Sin embargo, el Ermitaño Inmortal del Polo Sur sintió algo extraño después de que ese discípulo se marchara…
La Secta Chan era una gran secta presidida por un Santo, y una secta que encabezaba las listas de riqueza en todos los mundos existentes… ¿y alguien estaba ofreciendo objetos inmortales de grado superior como recompensa por usar a sus discípulos como ayudantes?
Pero pensándolo bien, «¡ganar un objeto inmortal de grado superior ayudando con tareas menores sería una gran ganancia!»
Pronto, docenas de discípulos de la Secta Chan se agolparon hacia ellos, dividiendo entre ellos las herramientas de moldeo y las tareas de condensación de las píldoras.
Mientras tanto, Jiang He invitó al Emperador de Jade, a Lü Dongbin, a Yang Jian y al Ermitaño Inmortal del Polo Sur al patio donde se alojaba.
Llamó a Boa Hancock por costumbre para que sirviera té… y fue solo después cuando se dio cuenta sobresaltado y se rió:
—Olvidé que mi criada también está en reclusión…
Por lo tanto, Jiang He personalmente preparó una tetera de Té Antiguo de la Iluminación, sirviéndoselo al Emperador de Jade y a los demás.
Quedaron atónitos una vez más…
Después de unos sorbos, Lü Dongbin preguntó:
—Hermano Jiang He, ¿tenías algo en mente cuando solicitaste que alguien me buscara?
—Naturalmente.
Jiang He sonrió mientras tomaba un sorbo de su té.
—¿No te lo dije antes en la Tierra? Quiero comerciar contigo cuando llegue al campo de batalla celestial, Hermano.
—¿Estás hablando de las Píldoras de Iluminación del Dao?
Lü Dongbin se dio cuenta de repente. Mirando primero al Emperador de Jade, luego dijo:
—Para decir la verdad, Hermano Jiang He… las Píldoras de Iluminación del Dao pueden ser píldoras de rango ocho, pero es increíblemente difícil refinarlas, incluso para los grandes maestros refinadores de píldoras… por eso la Corte Celestial no tiene muchas en existencia.
—Puedo comprarlas a un precio alto —sonrió Jiang He—. Por supuesto, también puedo intercambiarlas… a una proporción de uno a uno y medio.
Esas palabras dejaron a Lü Dongbin sin habla, y preguntó sorprendido:
—¿De qué intercambio estás hablando?
Con esas palabras, recordó al jefe de la Secta de las Diez Mil Espadas en la Tierra que hacía recados para Jiang He para intercambiar cristales inmortales, lo que había sido objeto de burla para los inmortales en conversaciones ociosas.

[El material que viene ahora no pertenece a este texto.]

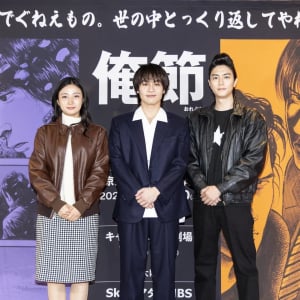 松田元太、「演歌を、そして『俺節』という作品を感じて！」単独初主演舞台『俺節』、大阪公演がいよいよ7月19日（日）より開幕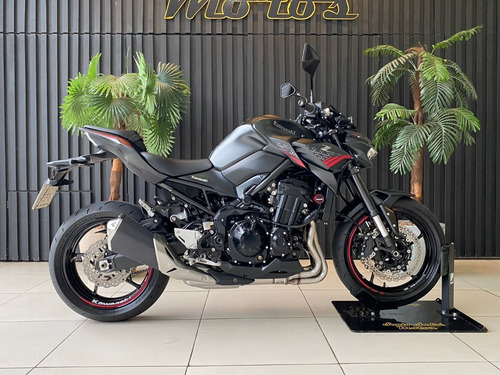 Imagem 2 de 14 de Kawasaki Z 900 2021 11.000kms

—¿Quieres decir intercambiar una píldora y media de Iluminación del Dao por una Píldora de Iluminación del Dao?
—Así es —asintió Jiang He y respondió—. Compraré tantas Píldoras de Iluminación del Dao como tenga la Corte Celestial, y pagaré una píldora y media de Iluminación del Dao por cada Píldora de Iluminación del Dao que obtenga… por supuesto, sería aún más ideal si pudieran venderme la receta de las Píldoras de Iluminación del Dao y regalaré un lote a la Corte Celestial después de producirlas en masa.
Lü Dongbin se volvió entonces hacia el Emperador de Jade, quien parecía un poco desconcertado.
Fue después de un largo rato que finalmente habló:
—Señor Jiang… perdóneme por ser franco, pero ¿qué pretende lograr con ese intercambio?